A 0.15 kg baseball moving at +26 m/s is slowed to a stop by a catcher who exerts a constant force of 390 N. How long does it take this force to stop the ball? How far does the ball travel before stopping?

Homework Equations

The Attempt at a Solution

For P=mV = 0.15Kg x 26M/s = 3.9Kgm/s. Then what equation?
I = F deltaT = m deltaV
deltaT=m deltaV / F = 3.9/390 = .01s Is that correct?
What about last question of travel distance. Is speed constant?

 

[denverdoc]

first part looks good.

The speed cannot be constant, after all its 26m/s one instant, and zero the next.

there are several approaches to second part, have you learned about work at all?

 

[JMarino]

somewhat, where do you suggest I look specifically?

 

[JMarino]

work = force x distance moved. There are two variables I do not know in this equation...

 

[denverdoc]

well there's a nifty thing known as work-energy theorum, which would suggest that right before the ball hits the mitt, it has a total energy, and when it comes to rest it has less, and that the difference would we the dot product of force and distance, in this case just the simple product of the two, or force*distance. That distance is the one you seek.

 

[denverdoc]

work = force x distance moved. There are two variables I do not know in this equation...

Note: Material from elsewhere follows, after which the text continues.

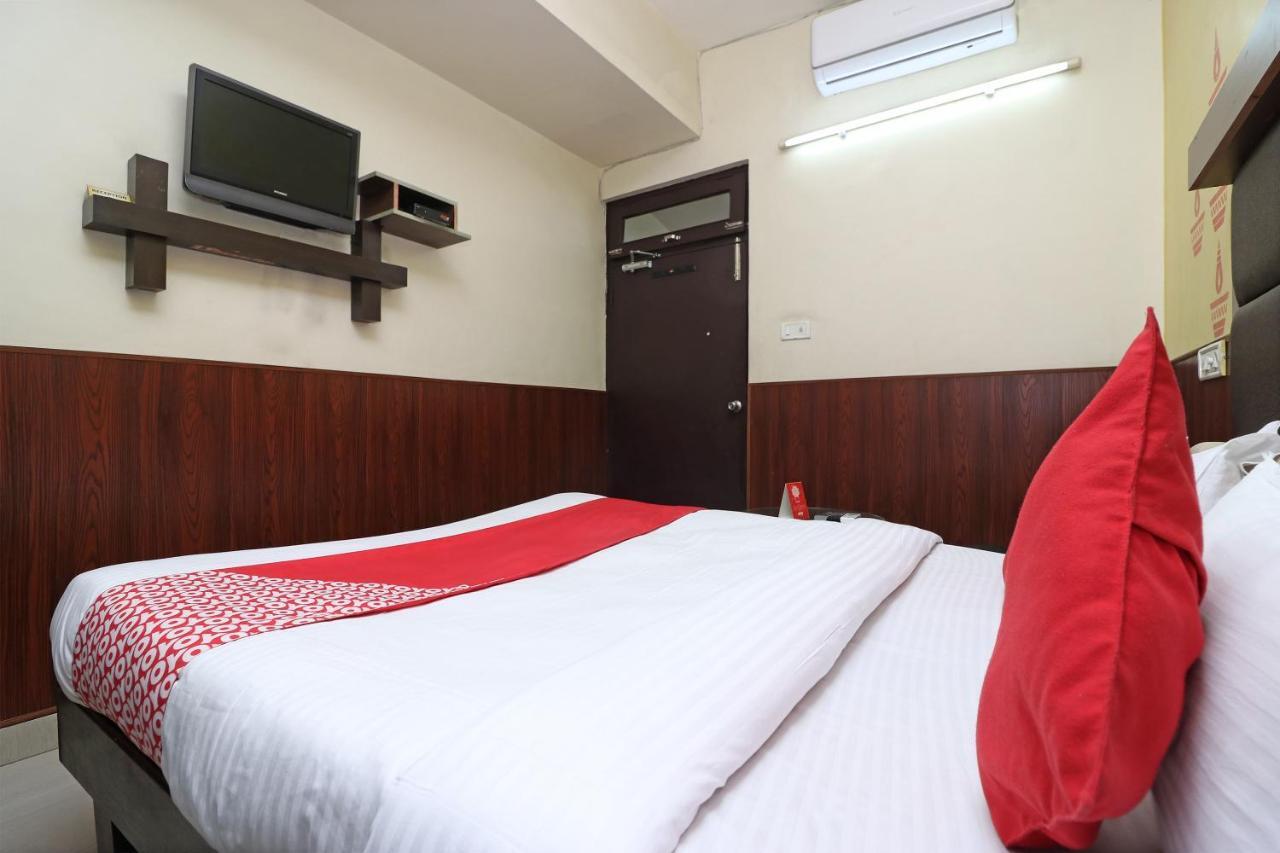 Oyo 2075 Hotel Kota Royal Экстерьер фото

see above as well. I'm not trying to be confusing, its just that the energy can be a combination of different types such as potential and kinetic. I would assume the difference in potential energies are negligible, so look at the kinetic energies.

 

[JMarino]

Thanks for the help!

 

[JMarino]

W = KE-f - KE-0
W = 1/2 m(V-f)2 - 1/2m(V-0)2
W = 0 - 1/2 * .15 * (26)2 = 50.7

D = -50.7/F = 50.7/350

?

 

[denverdoc]

looks fine except the force was 390. If you remember kinematics, there is also an eqn;
Vf^2-Vi^2=2a*x where a would be 390/0.15

see the similarity with what you have done?